### WHAT NEEDS TO BE DONE
The records below are to be restated word for word, with every picture left out.
*** Opening SOURCE RECORDS ***
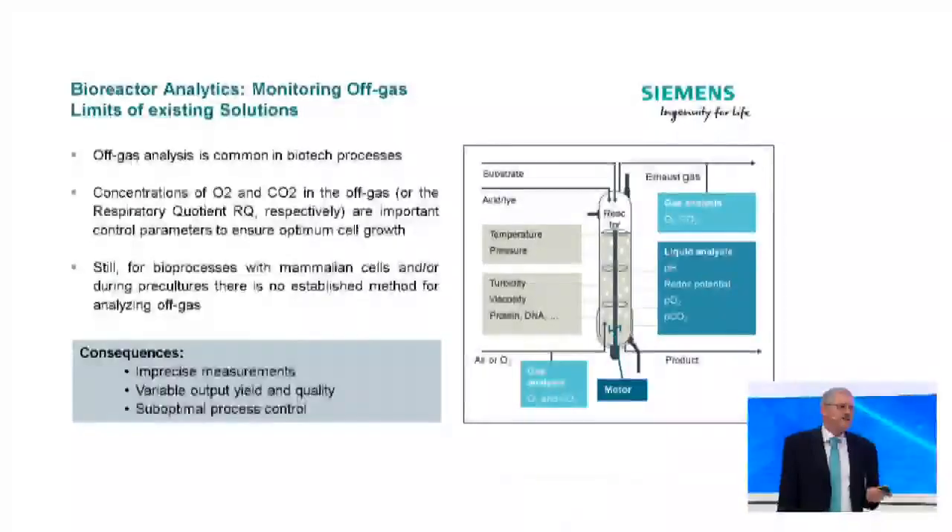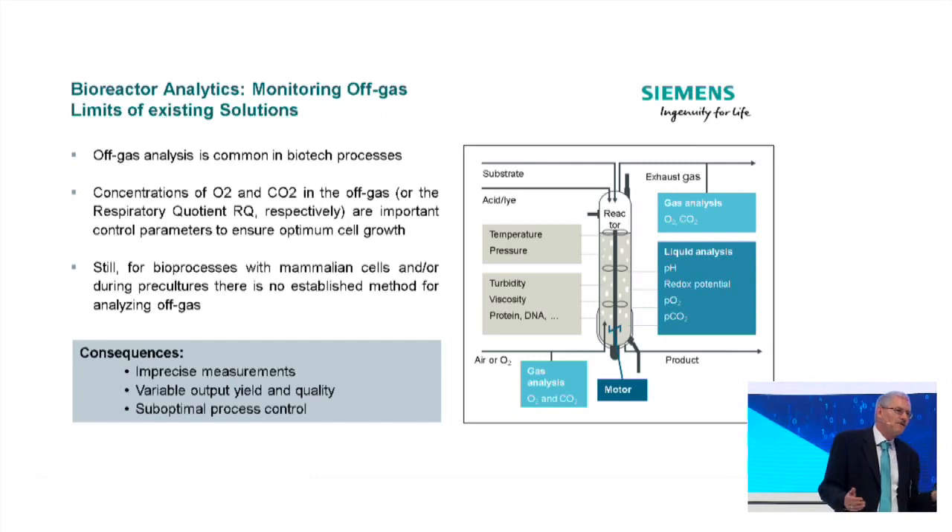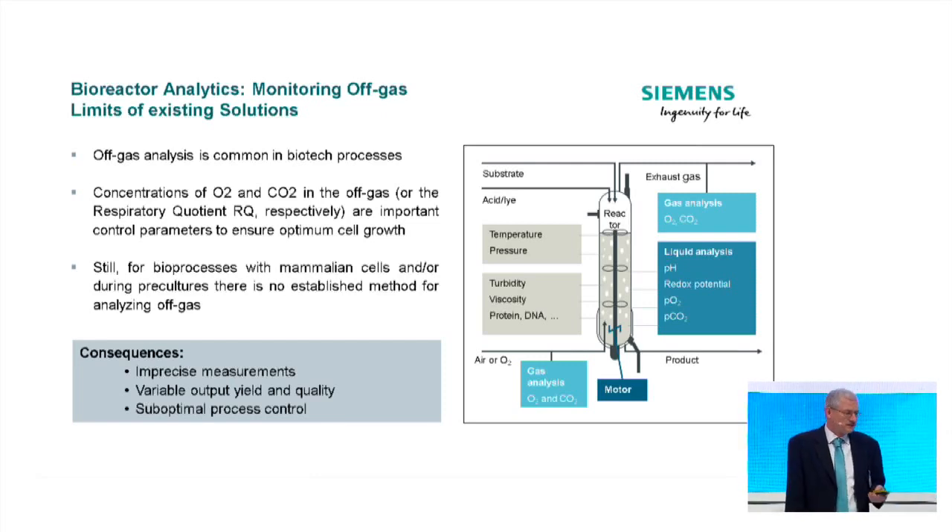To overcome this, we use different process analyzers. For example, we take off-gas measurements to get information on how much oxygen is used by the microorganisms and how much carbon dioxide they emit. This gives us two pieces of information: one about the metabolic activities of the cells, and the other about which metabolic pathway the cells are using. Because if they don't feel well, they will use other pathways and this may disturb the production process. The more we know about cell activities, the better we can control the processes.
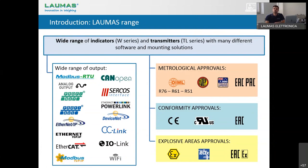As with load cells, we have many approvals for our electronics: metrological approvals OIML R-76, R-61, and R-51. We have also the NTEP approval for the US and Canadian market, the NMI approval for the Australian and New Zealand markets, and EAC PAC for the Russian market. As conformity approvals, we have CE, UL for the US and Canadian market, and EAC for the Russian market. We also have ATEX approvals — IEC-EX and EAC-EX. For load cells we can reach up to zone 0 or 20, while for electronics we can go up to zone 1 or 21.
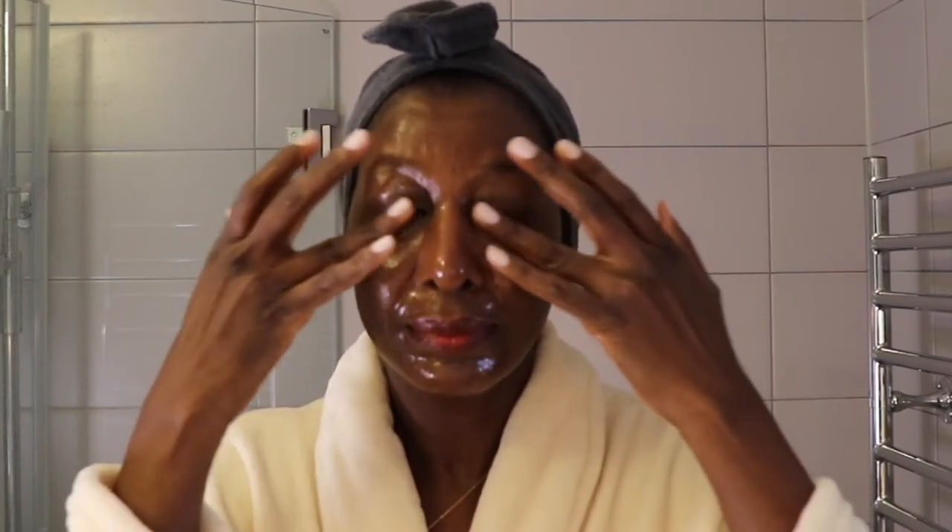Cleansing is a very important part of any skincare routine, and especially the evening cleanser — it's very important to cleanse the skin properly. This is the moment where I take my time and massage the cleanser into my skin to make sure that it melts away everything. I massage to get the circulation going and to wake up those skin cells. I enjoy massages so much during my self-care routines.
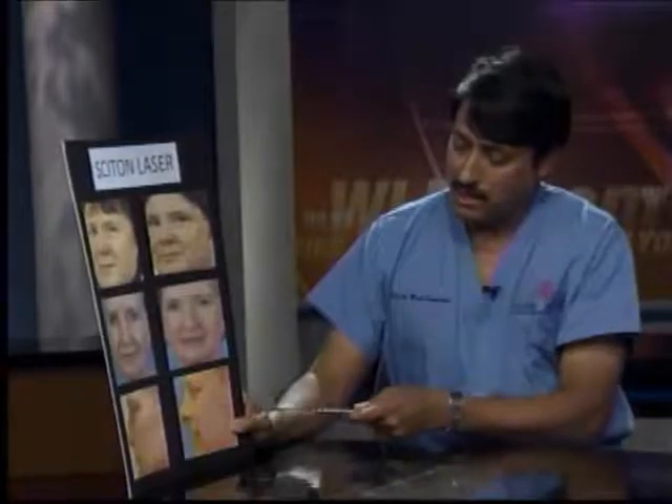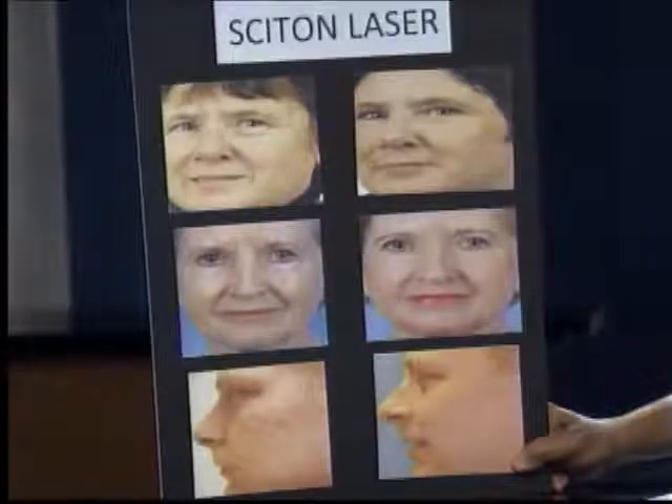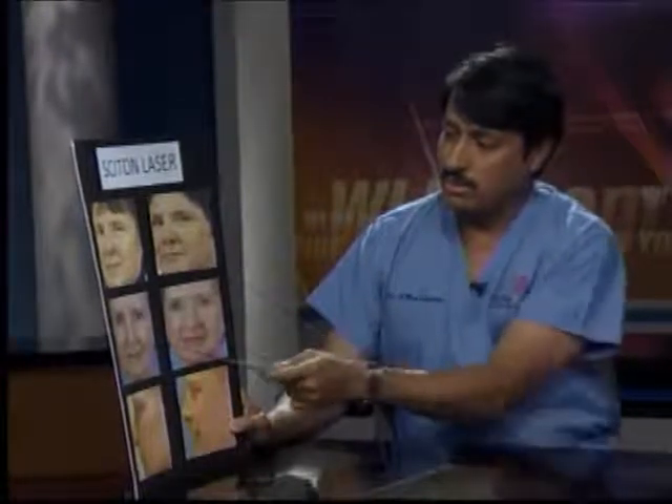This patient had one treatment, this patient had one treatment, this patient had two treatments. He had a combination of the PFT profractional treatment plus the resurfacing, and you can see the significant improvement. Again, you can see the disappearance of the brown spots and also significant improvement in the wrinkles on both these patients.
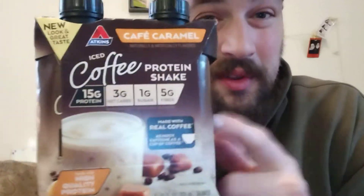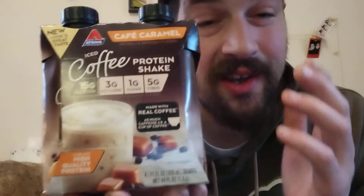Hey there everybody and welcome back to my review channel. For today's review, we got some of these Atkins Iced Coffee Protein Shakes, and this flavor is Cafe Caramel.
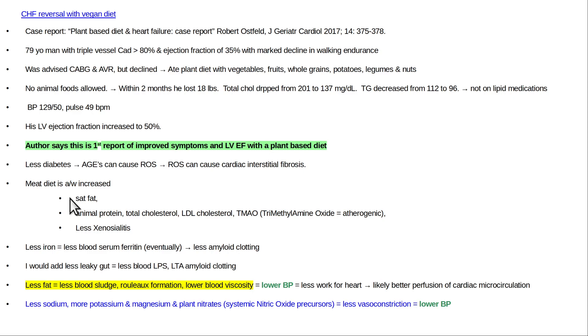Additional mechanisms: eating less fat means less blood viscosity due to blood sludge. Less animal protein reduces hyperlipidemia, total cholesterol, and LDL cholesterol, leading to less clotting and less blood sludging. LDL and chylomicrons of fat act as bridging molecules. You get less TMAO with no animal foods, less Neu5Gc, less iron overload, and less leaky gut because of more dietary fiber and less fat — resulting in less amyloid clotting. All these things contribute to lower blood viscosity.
*** Closing SOURCE RECORDS ***
### WORKED SOLUTION
To overcome this, we use different process analyzers. For example, we take off-gas measurements to get information on how much oxygen is used by the microorganisms and how much carbon dioxide they emit. This gives us two pieces of information: one about the metabolic activities of the cells, and the other about which metabolic pathway the cells are using. Because if they don't feel well, they will use other pathways and this may disturb the production process. The more we know about cell activities, the better we can control the processes.
As with load cells, we have many approvals for our electronics: metrological approvals OIML R-76, R-61, and R-51. We have also the NTEP approval for the US and Canadian market, the NMI approval for the Australian and New Zealand markets, and EAC PAC for the Russian market. As conformity approvals, we have CE, UL for the US and Canadian market, and EAC for the Russian market. We also have ATEX approvals — IEC-EX and EAC-EX. For load cells we can reach up to zone 0 or 20, while for electronics we can go up to zone 1 or 21.
Cleansing is a very important part of any skincare routine, and especially the evening cleanser — it's very important to cleanse the skin properly. This is the moment where I take my time and massage the cleanser into my skin to make sure that it melts away everything. I massage to get the circulation going and to wake up those skin cells. I enjoy massages so much during my self-care routines.
This patient had one treatment, this patient had one treatment, this patient had two treatments. He had a combination of the PFT profractional treatment plus the resurfacing, and you can see the significant improvement. Again, you can see the disappearance of the brown spots and also significant improvement in the wrinkles on both these patients.
Hey there everybody and welcome back to my review channel. For today's review, we got some of these Atkins Iced Coffee Protein Shakes, and this flavor is Cafe Caramel.
Additional mechanisms: eating less fat means less blood viscosity due to blood sludge. Less animal protein reduces hyperlipidemia, total cholesterol, and LDL cholesterol, leading to less clotting and less blood sludging. LDL and chylomicrons of fat act as bridging molecules. You get less TMAO with no animal foods, less Neu5Gc, less iron overload, and less leaky gut because of more dietary fiber and less fat — resulting in less amyloid clotting. All these things contribute to lower blood viscosity.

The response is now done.